Refer to the GMM failure cause codes listed below (from section 10.5.5.14 of the 3GPP TS 124.008 v7.2.0 R7):
2 - IMSI unknown in HLR
3 - Illegal MS
6 - Illegal ME
7 - GPRS services not allowed
8 - GPRS services and non-GPRS services not allowed
9 - MSID cannot be derived by the network
10 - Implicitly detached
11 - PLMN not allowed
12 - Location Area not allowed
13 - Roaming not allowed in this location area
14 - GPRS services not allowed in this PLMN
15 - No Suitable Cells In Location Area
16 - MSC temporarily not reachable
17 - Network failure
20 - MAC failure
21 - Synch failure
22 - Congestion
23 - GSM authentication unacceptable
40 - No PDP context activated
48 to 63 - retry upon entry into a new cell
95 - Semantically incorrect message
96 - Invalid mandatory information
97 - Message type non-existent or not implemented
98 - Message type not compatible with state
99 - Information element non-existent or not implemented
100 - Conditional IE error
101 - Message not compatible with the protocol state
111 - Protocol error, unspecified
user-device-release { before-r99 | r99-or-later } failure-code code
Enables the SGSN to assign a reject cause code based on the detected 3GPP release version of the MS equipment.
One of the following options must be selected and completed:
before-r99: Indicates the MS would be a 3GPP release prior to R99 and an appropriate failure code should be defined.
failure-code code: Enter an integer from 2 to 111. Refer to the list above.
r99-or-later: Indicates the MS would be a 3GPP Release 99 or later and an appropriate failure code should be defined.
failure-code code: Enter an integer from 2 to 111. Refer to the list above.
Usage
Use this command to define GMM reject cause codes when rejection is due to regional subscription information failure.
Example
The following command sets a location area rejection message, code 12 for regional restriction rejections:
regional-subscription-restriction failure-code 12
reuse-authentication-triplets
Creates a configuration entry to enable or disable the reuse of authentication triplets in the event of a failure.
Product
SGSN
Privilege
Security Administrator, Administrator
Syntax
[ no | remove } reuse-authentication-triplets no-limit
no
Disables this configuration entry and disables reuse of authentication triplets.
remove
This keyword causes the reuse configuration to be deleted from the call control profile configuration.
This is the default behavior.

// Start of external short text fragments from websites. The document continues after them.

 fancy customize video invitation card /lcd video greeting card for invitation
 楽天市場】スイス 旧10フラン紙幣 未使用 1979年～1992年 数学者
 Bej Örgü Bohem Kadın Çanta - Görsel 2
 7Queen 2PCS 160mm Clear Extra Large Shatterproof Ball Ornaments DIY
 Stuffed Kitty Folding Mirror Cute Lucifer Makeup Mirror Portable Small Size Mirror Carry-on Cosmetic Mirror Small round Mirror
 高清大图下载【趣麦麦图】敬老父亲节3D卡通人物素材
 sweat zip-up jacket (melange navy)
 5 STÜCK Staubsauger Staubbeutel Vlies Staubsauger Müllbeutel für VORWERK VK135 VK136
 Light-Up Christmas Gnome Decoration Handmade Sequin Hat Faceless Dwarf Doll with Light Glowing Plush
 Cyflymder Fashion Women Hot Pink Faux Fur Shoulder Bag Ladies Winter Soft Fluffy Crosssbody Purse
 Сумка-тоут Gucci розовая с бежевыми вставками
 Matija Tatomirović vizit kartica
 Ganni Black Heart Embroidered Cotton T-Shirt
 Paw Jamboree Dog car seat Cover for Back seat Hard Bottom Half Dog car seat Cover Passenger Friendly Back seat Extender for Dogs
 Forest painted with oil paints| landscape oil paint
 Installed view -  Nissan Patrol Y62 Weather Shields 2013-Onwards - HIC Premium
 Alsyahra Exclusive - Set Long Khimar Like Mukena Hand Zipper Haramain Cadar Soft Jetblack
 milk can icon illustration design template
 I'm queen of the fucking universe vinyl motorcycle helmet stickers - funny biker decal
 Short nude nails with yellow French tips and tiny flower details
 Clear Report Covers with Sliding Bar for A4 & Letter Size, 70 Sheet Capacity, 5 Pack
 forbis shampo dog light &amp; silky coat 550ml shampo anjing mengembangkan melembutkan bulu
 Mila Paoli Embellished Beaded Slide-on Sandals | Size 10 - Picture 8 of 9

Triplets are reused.
no-limit
This keyword enables reuse triplets as needed.
Usage
Use this command to enable reuse of authentication triplets.
Example
reuse-authentication-triplets no limit
rfsp-override
Configures RAT frequency selection priority override parameters for this call control profile.
Product
MME
Privilege
Security Administrator, Administrator
Syntax
rfsp-override { default | ue-val value new-val value + }
remove rfsp-override { default | ue-val value
remove
Deletes the rfsp-override configuration from the call control profile.
default
Restores the default value assigned.
ue-val value
Assign the UE value for the RAT frequency selection priority.
value: Enter an integer from 1 to 256.
new-val value
Assign a new value for the RAT frequency selection priority as an integer from 1 to 256.
Usage
Use this command to configure the RAT frequency selection priority override parameter.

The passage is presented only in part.